A new report by the Australian Energy Market Operator (AEMO) revealed that Australia’s energy prices have dropped in the third quarter, despite international gas prices continuing to rise.
An increase in the availability of dispatchable generation helped drive power prices lower, together with increased renewable energy, particularly rooftop solar, and milder late winter weather.
The Australian Energy Market Operator’s latest Quarterly Energy Dynamics (QED) report for the third quarter of 2021 found wholesale electricity prices fell significantly across the east coast National Electricity Market (NEM) in the three months to the end of September, 2021.
The report found variable renewable generation grew strongly in the quarter, driven by higher wind and solar output and commissioning of new grid-scale generators.
New records were set for instances of renewable generation, with 61.4 per cent of electricity across the NEM from renewable sources at one point in September.
The Western Australian network also set new records for variable renewable generation, supplying 70 per cent of demand on one day in early September.
Federal Minister for Industry, Energy and Emissions Reduction, Angus Taylor, said the QED report highlighted the need for dispatchable energy to support the growth in renewable energy and to ensure grid reliability and to keep prices low.
“Coal outages in New South Wales, coinciding with the incident at Callide in Queensland, drove up prices across the NEM in July,” Mr Taylor said.
“However, coal coming back online, falling gas prices, easing demand and increased rooftop PV generation during August and September put downward pressure on electricity prices, with September mainland NEM prices returning to average $37 per MWh.”
The QED report also covered recent volatility in global gas markets.
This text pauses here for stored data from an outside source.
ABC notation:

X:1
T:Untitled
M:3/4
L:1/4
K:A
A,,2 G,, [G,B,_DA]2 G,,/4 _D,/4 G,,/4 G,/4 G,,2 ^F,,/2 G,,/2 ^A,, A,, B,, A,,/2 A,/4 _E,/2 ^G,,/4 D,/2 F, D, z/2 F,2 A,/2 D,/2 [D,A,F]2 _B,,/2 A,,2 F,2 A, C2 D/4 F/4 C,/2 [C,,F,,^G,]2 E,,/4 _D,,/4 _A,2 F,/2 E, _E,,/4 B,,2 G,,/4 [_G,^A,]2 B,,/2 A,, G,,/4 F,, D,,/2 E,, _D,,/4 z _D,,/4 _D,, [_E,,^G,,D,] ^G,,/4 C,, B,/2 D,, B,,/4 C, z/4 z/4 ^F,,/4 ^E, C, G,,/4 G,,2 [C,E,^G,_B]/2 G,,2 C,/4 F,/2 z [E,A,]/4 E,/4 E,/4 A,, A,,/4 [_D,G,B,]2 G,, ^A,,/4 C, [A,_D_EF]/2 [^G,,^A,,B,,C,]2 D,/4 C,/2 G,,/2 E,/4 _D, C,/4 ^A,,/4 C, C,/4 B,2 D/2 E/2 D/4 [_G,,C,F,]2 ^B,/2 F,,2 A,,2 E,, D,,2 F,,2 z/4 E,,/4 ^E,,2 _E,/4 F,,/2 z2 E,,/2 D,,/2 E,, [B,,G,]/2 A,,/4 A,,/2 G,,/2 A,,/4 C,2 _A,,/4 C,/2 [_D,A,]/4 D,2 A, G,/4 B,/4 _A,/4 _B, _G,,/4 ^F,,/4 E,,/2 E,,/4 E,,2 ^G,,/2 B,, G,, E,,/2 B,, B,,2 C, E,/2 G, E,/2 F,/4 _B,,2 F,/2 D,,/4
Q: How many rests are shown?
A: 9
AEMO noted that record international gas prices in the third quarter have had no discernible impact on the Australian market, with domestic energy prices moving in the opposite direction to international prices.
“Australia’s competitive advantage has always been based on cheap energy,” Mr Taylor said.
“This report demonstrates the importance of ensuring that there is enough gas in the market to supply times of high demand and to provide security for our manufacturing sector.”